The FAA, after internal deliberations, also agreed to keep MCAS out of the manual, reasoning that MCAS was a software code that operates in the background as part of the flight-control system, according to an official familiar with the discussions.
A single sensor
Boeing has avoided accepting direct blame in public, saying MCAS was only one link in a chain of events. Its leaders have also said MCAS was designed according to the standard procedures it has used for years.
"The 737 MAX was certified in accordance with the identical FAA requirements and processes that have governed certification of previous new airplanes and derivatives. The FAA considered the final configuration and operating parameters of MCAS during MAX certification, and concluded that it met all certification and regulatory requirements," Boeing said in a statement.
The most controversial detail of the MCAS design has been the reliance on a single angle-of-attack sensor. On both of the deadly flights, everything started with a faulty sensor. In the second crash in Ethiopia, the data trace strongly suggests that the sensor was destroyed in an instant, likely by a bird strike.
There are two such sensors, one on either side of the fuselage. Why didn't Boeing, especially after discarding the G-force as a trigger, use both angle-of-attack sensors?
The thinking was that requiring input from two angle-of-attack sensors would mean that if either one failed the system would not function.
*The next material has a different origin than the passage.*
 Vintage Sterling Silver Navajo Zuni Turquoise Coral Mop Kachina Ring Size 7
That has implications not only for safety but for airline costs. If the system is down, a pilot might fly into a situation where it's needed and find it unavailable. Or the airline might have to take the plane out of service and lose money.
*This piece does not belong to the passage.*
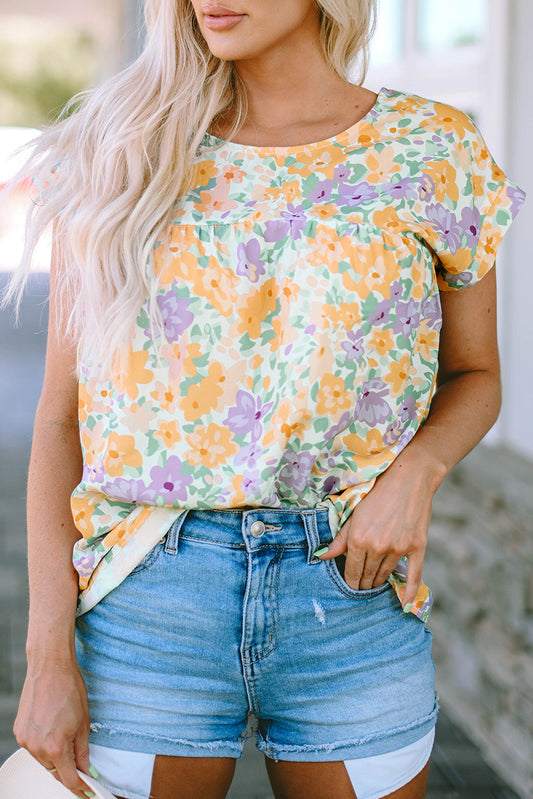 Printed Round Neck Cap Sleeve Blouse - Zac Store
Both factors point toward a principle of not adding complexity: Keep a system as simple as possible.
"You don't want to disrupt your customer's operations," said the person familiar with the MCAS details. And you don't want to "increase the risk that the system fails when you need it."
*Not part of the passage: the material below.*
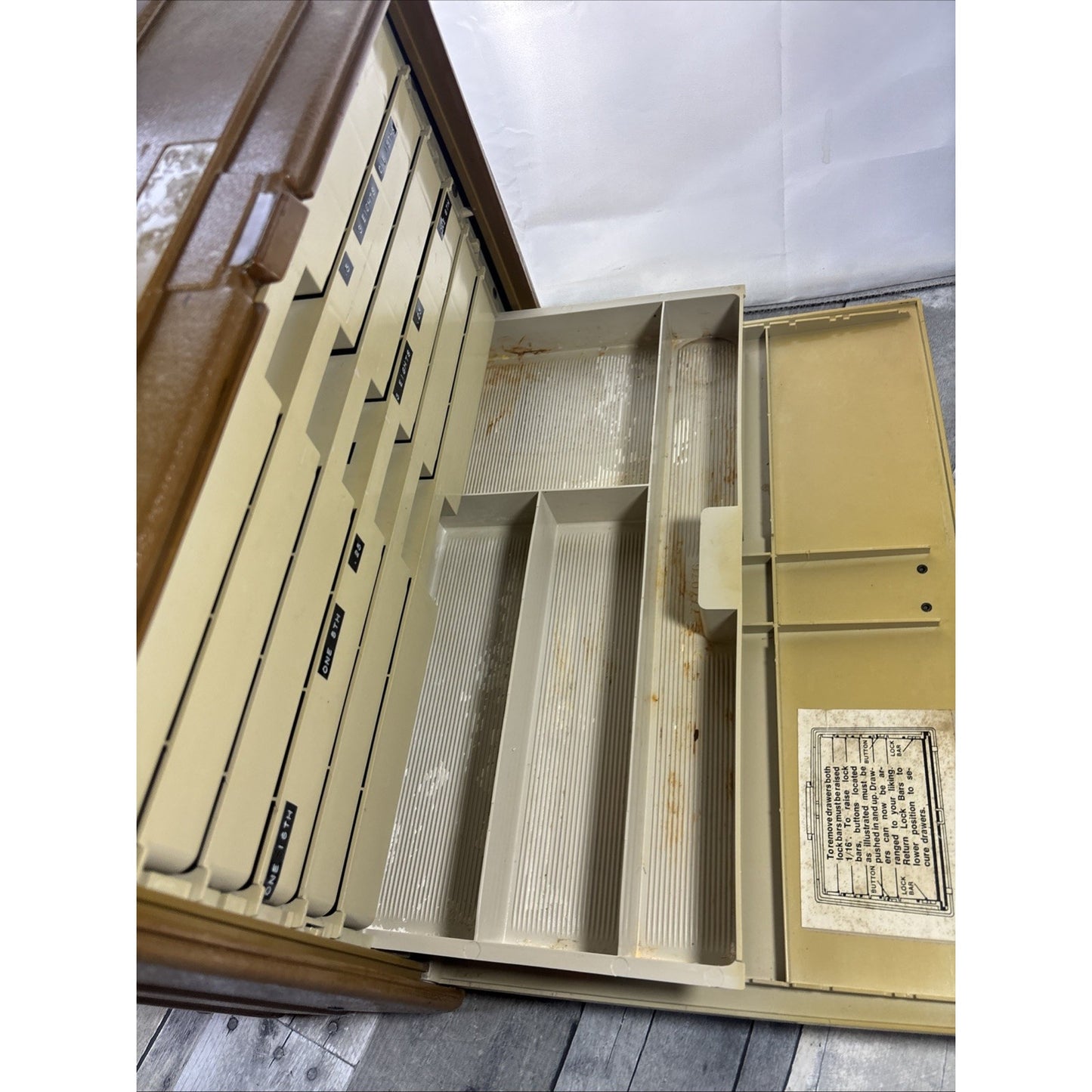 Vintage Plano 7777 Fishing Tackle Box Multi Tray Organizer Olive Tan 70s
In this case, as simple as possible meant as minimal as the safety regulations allow. Since Boeing's system safety analysis concluded that one sensor was acceptable, that's what it went with.
But that's not the logic followed for a system on the KC-46 Air Force tanker, also called MCAS.
Boeing says the MCAS systems on the MAX and on the tanker share only a name and a similar function, and have completely different avionics.
But they both move the horizontal stabilizer to smooth the pilot stick forces in a wind-up turn. Their basic design architecture can be compared to some extent.
Air Force spokeswoman Ann Stefanek says "MCAS on the KC-46 has two sensors and the system compares the two readings."
Boeing's proposed update to MCAS for the MAX will have the same.
Earlier this month at the Paris Air Show, Boeing CEO Dennis Muilenburg reiterated the company's position that while the original MCAS was properly designed, "we know we can improve it."
The fixes include relying on two sensors rather than one, limiting MCAS to one rather than multiple activations, and revising the software.
“We are confident that they will result in a safe airplane, one of the safest airplanes ever to fly, and that MCAS will not contribute to a future accident,” he said.